Когда в Париже через несколько лет было предпринято издание сочинений Дидро, два неизвестных молодых человека представили к опубликованию якобы подлинную рукопись Дидро. В это же время издатель Ж. Л. Бриер получил от дочери Дидро другую рукопись, которая, по ее утверждению, была копией, сделанной с оригинала самим Дидро в 1760 г. Это дало издателю основание обвинить упомянутых молодых людей в подлоге. Гёте был выбран в качестве третейского судьи и решил спор в пользу копии, данной дочерью Дидро, госпожой Вандель.
По поводу «Племянника Рамо» было чрезвычайно много споров.
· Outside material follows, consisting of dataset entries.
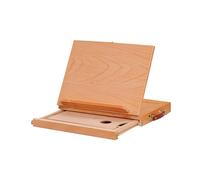IOIUSKKU Caballete de de Para madera con acabado liso, organizador portátil para tablero dibujo y pintura, duradero. Expositor escritorio para bocetos y pintura, plegable, Beige, S
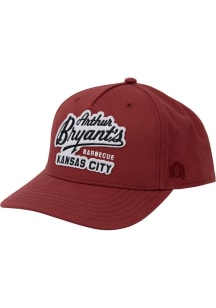 Arthur Bryants 5 Panel Adjustable Hat - Red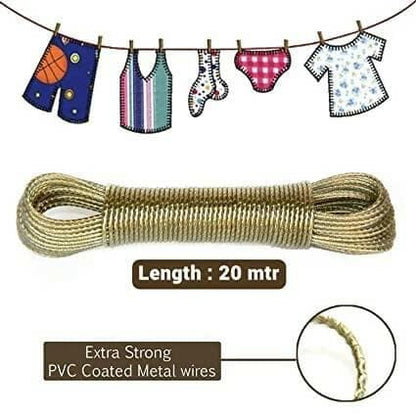 Anti-Rust Wire Rope For Hanging clothes (Pack of 2) - HalfPe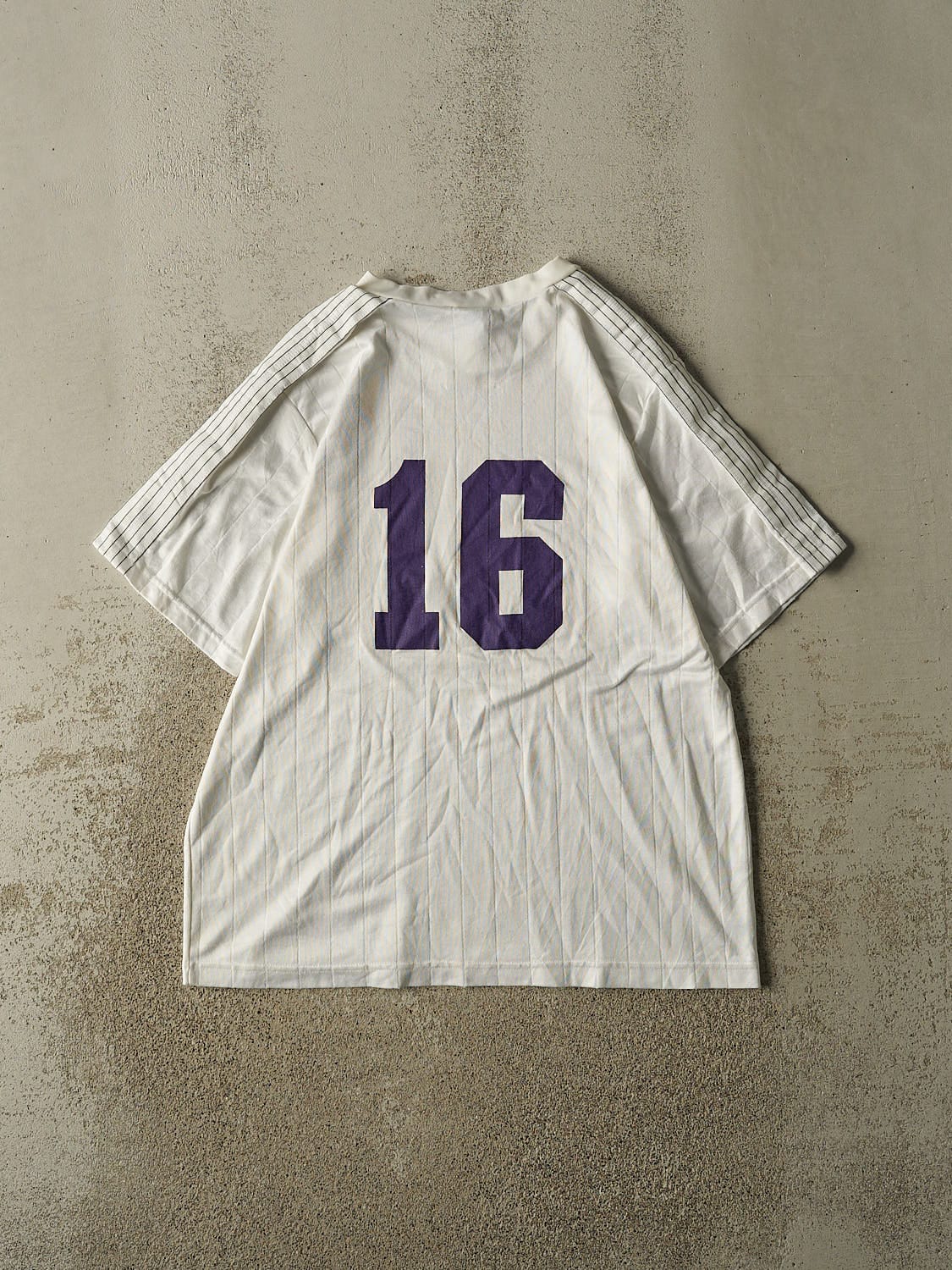 Vintage 90s White Adidas Soccer Jersey (L)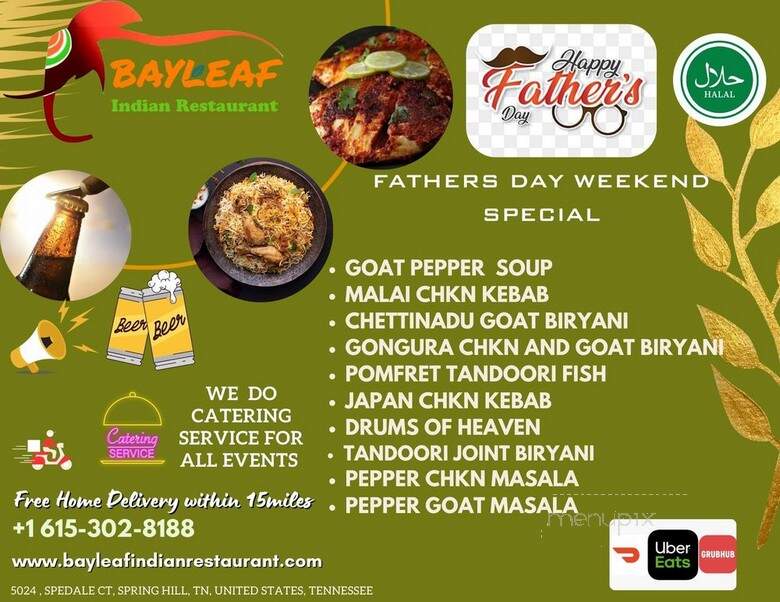 Bayleaf Indian Restaurant - Spring Hill, TN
Критики затруднялись однозначно определить замысел Дидро: одни считали, что целью его было изобразить жизнь тунеядца, другие — что он хотел дать сатиру на современное ему буржуазное общество. Несомненно, что в «Племяннике Рамо» есть и то и другое. Но на наш взгляд, это произведение является в то же время философской программой Дидро, ибо нигде так ясно, как здесь, не выявлены парадоксы Просвещения. Необыкновенное изящество изложения, глубина ума, блеск остроумия в этом произведении, по-видимому, и побудили К. Маркса назвать Дидро своим любимым прозаиком (см.: 1,
Если говорить о сюжете этого романа, то его, собственно, нет: в споре между музыкантом Рамо и философом решаются вопросы о сущности человека и принципах устройства общества, о соотношении естественного и разумного, о связи необходимости и свободы и т. д., однако эти «вечные» проблемы пропущены здесь сквозь призму парадокса, и их толкование позволяет судить о том, насколько оригинален Дидро как философ.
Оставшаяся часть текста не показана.